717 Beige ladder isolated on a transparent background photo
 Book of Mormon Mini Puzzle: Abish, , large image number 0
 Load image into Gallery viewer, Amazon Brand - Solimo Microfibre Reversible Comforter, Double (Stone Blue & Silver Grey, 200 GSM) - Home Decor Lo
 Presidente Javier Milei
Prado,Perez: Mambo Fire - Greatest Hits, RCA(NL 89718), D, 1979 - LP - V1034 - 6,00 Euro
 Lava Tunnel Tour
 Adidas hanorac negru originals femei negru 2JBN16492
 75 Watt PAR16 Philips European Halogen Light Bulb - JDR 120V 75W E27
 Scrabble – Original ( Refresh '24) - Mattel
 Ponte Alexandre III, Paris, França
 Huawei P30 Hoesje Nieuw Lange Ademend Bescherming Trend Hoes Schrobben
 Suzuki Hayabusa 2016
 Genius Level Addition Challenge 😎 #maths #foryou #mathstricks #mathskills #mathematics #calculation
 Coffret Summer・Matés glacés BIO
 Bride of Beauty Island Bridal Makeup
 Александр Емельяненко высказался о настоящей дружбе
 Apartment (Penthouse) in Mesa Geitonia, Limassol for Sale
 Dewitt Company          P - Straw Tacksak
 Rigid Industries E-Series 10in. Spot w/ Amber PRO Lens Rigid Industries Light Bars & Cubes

========================

» **TASK TO COMPLETE**
Copy each line in the listing where "image" appears.

» **ANSWER AREA**
 Book of Mormon Mini Puzzle: Abish, , large image number 0
 Load image into Gallery viewer, Amazon Brand - Solimo Microfibre Reversible Comforter, Double (Stone Blue & Silver Grey, 200 GSM) - Home Decor Lo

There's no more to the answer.